I had virtually the same conversation with my boss at my last job. I then proceeded to raise holy hell amongst my team to find out which one of them had complained - especially given that while I came in late, I was present for all of core hours (10-4) while the people who came in early (6-2) were not. I found out that none of them had complained, and it was just that my boss didn't like it.

Given that I had corporate policy on my side, I just kept coming in at 10 and working til 7.
posted by jacquilynne at 7:15 AM on June 9, 2006

When I worked a project at a US government agency, the rule was to schedule meetings only between 10 am and 2 pm, Tuesday through Thursday, if you wanted to make sure that everyone would be there. Once I went to somebody's office at 10:30 AM on a Friday, only to be told that he had taken a half-day - meaning 6 AM to 10 AM.

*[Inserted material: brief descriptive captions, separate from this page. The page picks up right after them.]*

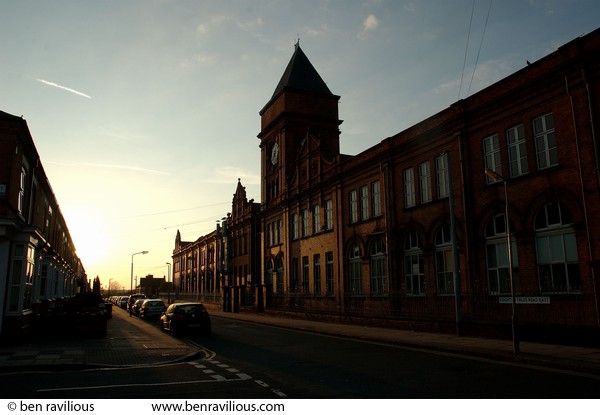 Wheatsheaf Works: Knighton Fields Road East, Leicester, 06 April 2007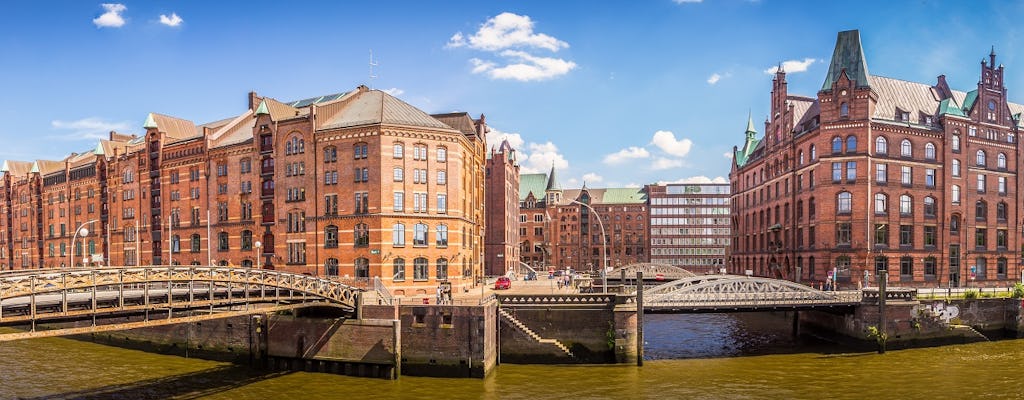 Hamburg warehouse district and HafenCity tour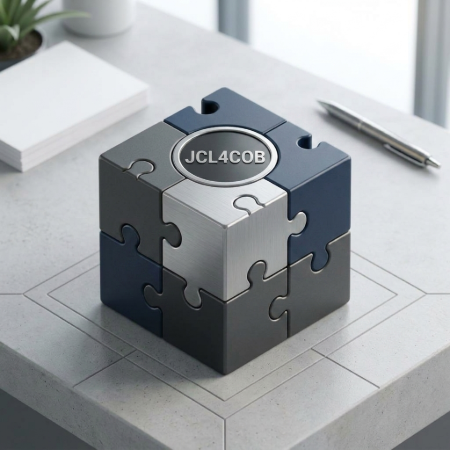 Afbeeldingen van Job Control Language (JCL) voor COBOL Programmeurs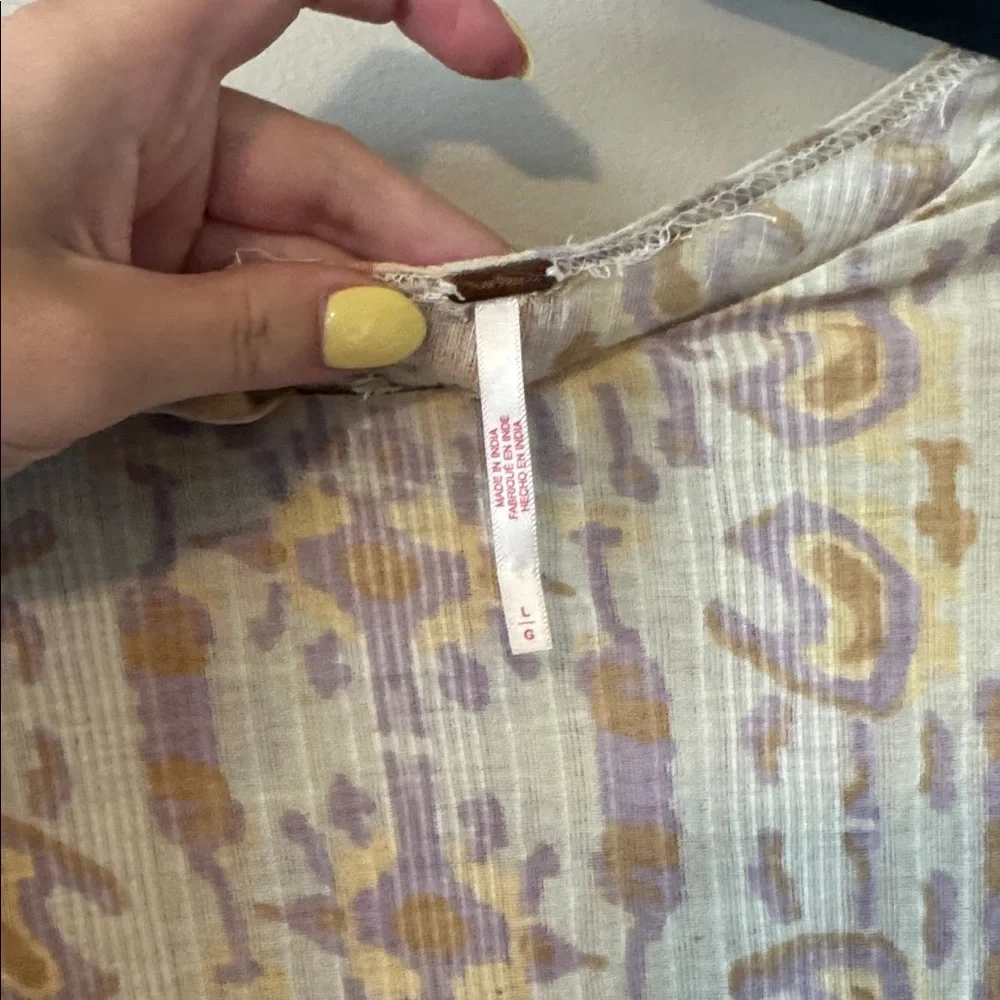 Free People This Is It Tunic - Picture 4 of 6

But I digress. You work in the private sector. 8 to 4 is to the Midwest what 9 to 5 is to the East. As was said above, there is mounting pressure to coordinate with New York financial markets. That, and the growing popularity of "parents hours," means that more and more stuff is happening before 9 AM.

Consider moving to New York or Boston and becoming a corporate lawyer or investment banker - there, nobody cares when you come in, it's all about how late you stay.
posted by Saucy Intruder at 7:35 AM on June 9, 2006

Earlybirds are a self righteous bunch, equating folks who start later as lazy no matter how many more hours the late starters work.
posted by zeoslap at 8:23 AM on June 9, 2006

Here in CA, they sure can. I had a salaried desktop support/sysadmin, and most of the employees would come in at 10-12. except that my new boss demanded that I be there at 8am to tend to the frequent Outlook problems that the controller (the only Outlook user in the company, too) would have. So I got up ass early, got on a crowded train at 7am, just so I'd be there at 8am to help the one user that insisted she also start work at 8am and insisted on using Outlook.
Yes, it sucked ass. And sadly, yes, it was legal. So were the late evening calls from the engineers. And the weekend work.

/is happy he no longer has that job.